Es a partir de sus circunstancias que se hace más necesario entenderlo en la actualidad. En efecto, leerlo y estudiarlo en su circunstancia no es limitarlo o como podría suponer algún amante de la retórica profunda, convertirlo en un simple cronista de su época ni a su obra en un documento de archivo.

Es precisamente en la operación teórica que consistió en depurar todo lo contingente del pensamiento de Benjamin, en lo que reside su vulgarización. No se trata de que no sea una perspectiva teórica posible. Efectivamente, la obra crítica de Benjamin está llena de reflexiones acerca del lenguaje, la imagen y las formas, que en sí mismas tienen un valor teórico y conceptual que trasciende su época.

Pero hacerlo, sería una manera de adoptar una posición frente a la actualidad como si ésta fuera un tiempo vacío, usando a Benjamin como excusa y como si él mismo hubiese sido un fisgón. En efecto, no es posible entenderlo ni interpretarlo sin acudir necesariamente a su propia concepción de lo histórico como un tiempo pleno en que conviven simultáneamente el pasado y el futuro.

Olvidarlo en su caso, es eso: vulgarizarlo y usarlo como pretexto para sostener posiciones teóricas que son precisamente lo contrario de lo que él mismo hizo como hombre y como pensador.

Semejante depuración es lo que le convierte en un mero exégeta de la cultura, como si ésta fuese para él ya sólo eso; una especie de substancia en que lo histórico, lo político, lo contingente, fueran un mero accidente y el lenguaje una esencia que los trasciende. Ello es lo que hace posible que los estudios culturales y de género, la crítica literaria y la filosofía posmodernista, lo reivindiquen como una suerte de ancestro.

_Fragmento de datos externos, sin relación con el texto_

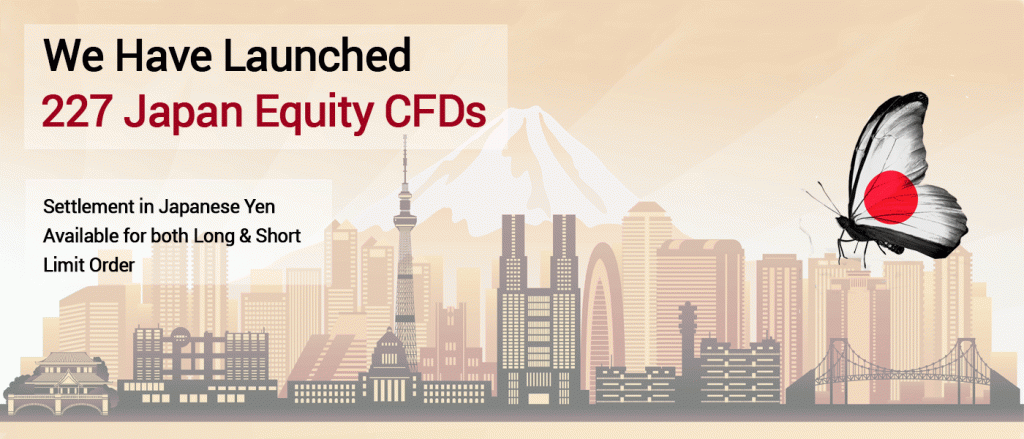 Japan CFDs | CFD Trading Singapore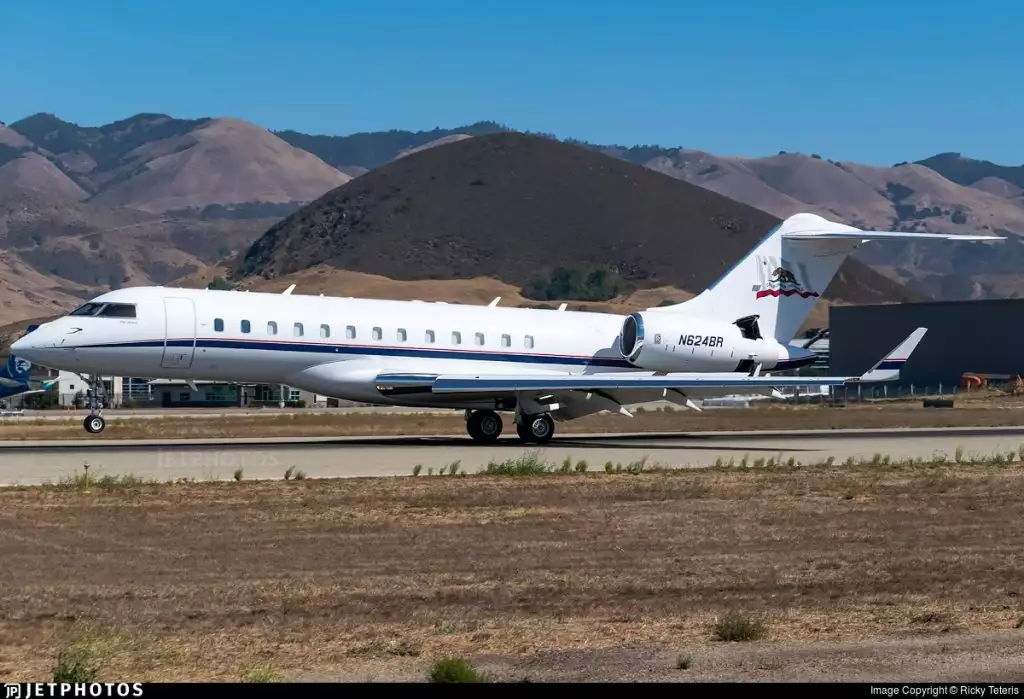 N624BR – Bombardier Global Express – Leclerc-Familie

No. Benjamin es hombre de su época y es precisamente por eso que trasciende, pues a partir de esa condición histórica asume la crítica como el ejercicio de señalar los intersticios, las fracturas, las frases incompletas, los actos fallidos de la sociedad y la historia como el lugar en el que asoman la locura política, los sofisticados mecanismos de manipulación cultural y la dominación de clase.

Ello porque no entiende la época, “su época”, como una contingencia casual, un mero accidente, tal como la nuestra tampoco lo es de la pura facticidad.

Por el contrario, su concepción de la cultura es la de una construcción de clase, en la que permanecen como vestigio todos los horrores de la dominación a lo largo de toda la historia  pasada y en la que se proyectan en la actualidad y lo seguirán haciendo eventualmente en el futuro, de no mediar una decidida acción teórica y crítica –que es en última instancia una decisión política, precisamente la que adopta Benjamin frente al fascismo.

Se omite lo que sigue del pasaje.